Há alguns dias atrás, dois arquitectos portugueses foram distinguidos com prémios de grande mérito do mundo da arquitectura no estrangeiro pelo edifício da Vodafone no Porto. No entanto, na mesma cidade, encontramos um edifício único (em vários aspectos, nenhum deles em beleza) arquitectado por um «estrangeiro de renome» a quem a câmara (e uns bolsos extra) pagarão milhões para fazer aquele trabalho: a Casa da Música. Com o seu aspecto de pedra da calçada gigante lapidada, as salas claustrofóbicas em cores mortas ou berrantes e o chão riscado pelos instrumentos dos músicos que têm de os carregar - porque o dito artista de renome que arquitectou a obra de arte se recusa a cobrir o chão com uma matéria que impeça a degradação deste - ninguém diria que quem arquitectou uma peça de arte destas tenha sido alguém com mais de dez anos.

O país divide por elites uma área que não deve ter elites. Quando falamos em cinema português, ocorre-nos apenas Manoel de Oliveira. E a seguir talvez António-Pedro Vascocenlos. E se tivermos sorte, Leonel Vieira. Então e João César Monteiro? E Raquel Freire? E Marco Martins? Os financiamentos do ICAM limitam-se àquela lista anual de um punhado de nomes que são sempre os mesmos ano após ano. Os meninos formados pela Escola Superior de Teatro e Cinema saem empunhando o seu canudo orgulhosos, mas esquecem-se de referir que o que lhes deu entrada não foi a média de 13 valores do secundário, mas a nota fechada no envelope que passou debaixo da mesa. Não somos país de indústria cinematográfica, mas somos país de arte. Onde estão aqueles que querem tantas oportunidades como os outros?

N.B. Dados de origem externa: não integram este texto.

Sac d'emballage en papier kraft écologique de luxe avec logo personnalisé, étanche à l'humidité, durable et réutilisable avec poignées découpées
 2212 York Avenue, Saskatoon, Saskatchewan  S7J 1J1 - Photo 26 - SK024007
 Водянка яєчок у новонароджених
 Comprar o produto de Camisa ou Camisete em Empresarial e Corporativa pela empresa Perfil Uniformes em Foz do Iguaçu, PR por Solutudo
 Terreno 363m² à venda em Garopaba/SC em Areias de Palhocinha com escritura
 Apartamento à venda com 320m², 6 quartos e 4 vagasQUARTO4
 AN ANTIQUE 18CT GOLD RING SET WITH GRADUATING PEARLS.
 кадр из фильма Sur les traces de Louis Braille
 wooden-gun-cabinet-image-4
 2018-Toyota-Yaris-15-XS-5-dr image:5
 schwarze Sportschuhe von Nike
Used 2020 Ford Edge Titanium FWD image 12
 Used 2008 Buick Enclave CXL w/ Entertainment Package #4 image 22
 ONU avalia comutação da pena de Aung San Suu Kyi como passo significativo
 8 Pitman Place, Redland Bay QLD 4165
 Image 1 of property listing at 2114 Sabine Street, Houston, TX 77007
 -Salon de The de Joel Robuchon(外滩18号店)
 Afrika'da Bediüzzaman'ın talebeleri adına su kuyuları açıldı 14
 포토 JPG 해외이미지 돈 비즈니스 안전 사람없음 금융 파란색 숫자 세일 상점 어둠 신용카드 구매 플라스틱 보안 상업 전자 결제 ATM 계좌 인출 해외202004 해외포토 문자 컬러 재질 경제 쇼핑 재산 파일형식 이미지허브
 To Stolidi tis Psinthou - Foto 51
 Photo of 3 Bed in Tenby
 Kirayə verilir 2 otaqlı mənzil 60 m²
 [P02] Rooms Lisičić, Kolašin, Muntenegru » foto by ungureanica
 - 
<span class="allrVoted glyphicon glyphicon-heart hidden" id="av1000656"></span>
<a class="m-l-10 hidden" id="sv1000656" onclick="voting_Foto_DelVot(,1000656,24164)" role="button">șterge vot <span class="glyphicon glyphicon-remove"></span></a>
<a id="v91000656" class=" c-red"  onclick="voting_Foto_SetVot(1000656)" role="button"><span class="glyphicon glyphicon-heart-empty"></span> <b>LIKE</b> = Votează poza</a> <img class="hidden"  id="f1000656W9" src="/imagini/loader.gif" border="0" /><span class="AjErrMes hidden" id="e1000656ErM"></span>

Vemos todos os dias na televisão as mesmas caras. No cinema, idem. Se sai filme português sem o Nicolau Breyner, a Alexandra Lencastre e as mamas da Soraia Chaves, estamos perante um fiasco de bilheteira. Porque o povo não sabe quem é. Então e as dezenas de alunos que o Chapitô forma todos os anos? E os da ACT? E os da ESTC? E os das outras instituições de ensino espalhadas por esse Portugal fora? Se não renovam os talentos, o que acontece àqueles que procuram novas oportunidades? Pergunta-te, Portugal - onde estão esses teus talentos?

Protestei por isto, por muitas coisas, muitas mais coisas, em nome de mim, em nome dos meus camaradas, em nome de todos os jovens e graúdos que sofrem com as calúnias que nos são impostas. Já é tempo do povo parar de sofrer, parar de sentir os bolsos rotos, de se escravizar por uma mera oportunidade. Acabem-se com as regalias, com as elites. Ouve a ti próprio antes de ouvires os outros, Portugal. Olha para dentro e depois para fora. Oiçamo-nos todos uns ao outros e encontremos depois as razões para esse tão aguardado despedimento da classe política. Para acabar com a corrupção é necessário, antes de mais, uma solução.

O nosso 12 de Março foi apenas o começo. Foi uma brisa de mudança. Mais virão, mais vozes gritarão, mais povo se unirá. Agora que derrubámos o muro da vergonha que nos separava da realidade que nos custava a aceitar, não pararemos. Algo mudou, toda uma mentalidade de uma geração. E isso trará muitas e mais mudanças a Portugal.